Major League Baseball chiefs have given the Oakland Athletics the green light to relocate the team to another city following frustration at delays on a proposed new stadium, the team said Tuesday.
Athletics president Dave Kaval said in a statement that the team had been given approval to investigate moving the team altogether as it continued to seek final approval on a new stadium in Oakland.
The Athletics are hoping to build a new $1 billion ballpark on the Oakland waterfront as part of mixed-use development that will also include 3,000 affordable housing units as well as office and retail space.
However, the project has become mired in delays with local government officials balking at the requested $855 million in public money the A's are seeking to complete the development.
"Today, Major League Baseball instructed the A's to begin to explore other markets while we continue to pursue the Oakland waterfront ballpark project," Kaval said in a statement.
"This is not an easy directive for our fans to hear... after four years of work, MLB is concerned with the rate of progress with local officials and other stakeholders on our new ballpark efforts.
"The time is here for a decision on our future, and it is unclear to us and MLB whether there is a path to success for the A's in Oakland."

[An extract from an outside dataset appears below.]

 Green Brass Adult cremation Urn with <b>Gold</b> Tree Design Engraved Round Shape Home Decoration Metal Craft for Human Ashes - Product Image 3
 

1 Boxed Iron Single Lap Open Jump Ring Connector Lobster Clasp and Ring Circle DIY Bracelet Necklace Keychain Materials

If the Athletics moved out of Oakland, it would leave the northern California city without a major professional sports team.

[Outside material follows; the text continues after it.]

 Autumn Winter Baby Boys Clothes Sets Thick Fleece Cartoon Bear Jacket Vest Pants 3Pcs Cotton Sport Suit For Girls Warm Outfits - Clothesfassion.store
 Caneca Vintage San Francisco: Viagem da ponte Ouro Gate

In recent years, the Oakland Raiders NFL team relocated to Las Vegas while the Golden State Warriors NBA franchise moved to a new stadium across the bay on the San Francisco waterfront.

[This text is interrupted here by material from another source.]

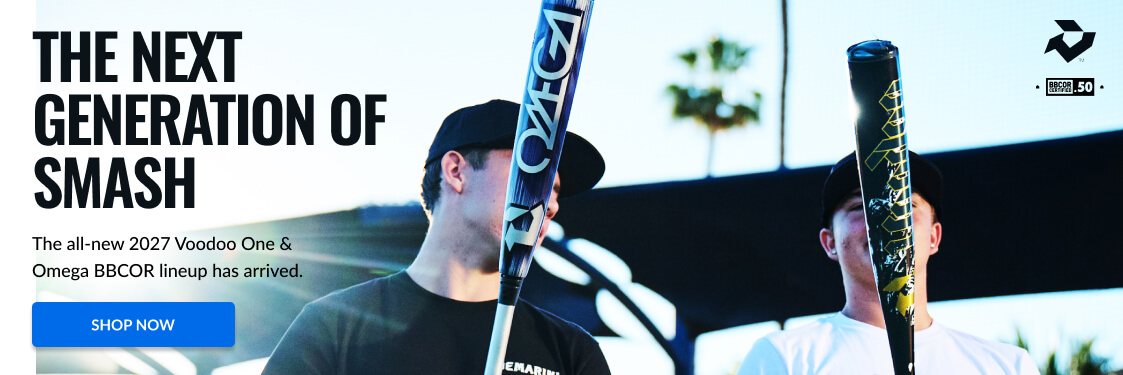 THE NEXT GENERATION OF SMASH text is visible. The all-new 2027 Voodoo One & Omega BBCOR lineup has arrived.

The Athletics currently play at the 55-year-old Oakland Coliseum and have a lease at the venue which runs through the 2024 season.
However, the ageing arena is increasingly seen as outdated for professional sport, a view shared by Major League Baseball.
"The Oakland Coliseum site is not a viable option for the future vision of baseball," Major League Baseball said in a statement on Tuesday.
"We have instructed the Athletics to begin to explore other markets while they continue to pursue a waterfront ballpark in Oakland.
"The Athletics need a new ballpark to remain competitive, so it is now in our best interests to also consider other markets."
Las Vegas is widely seen as the most likely option if the Athletics do move out of California although the team has also reportedly looked at other sites in northern California including San Jose and Fremont.
Athletics manager Bob Melvin said Tuesday he hoped the team would remain in Oakland and dismissed suggestions the issue could destabilize players on the field.
"I think they're just focused on playing," Melvin said of his team.
"We're not going anywhere. We play in the venue we're at. Until something changes, I don’t think they think too much of it.
"The A's have been an important organization in Oakland for a long time and I think that's still the hope."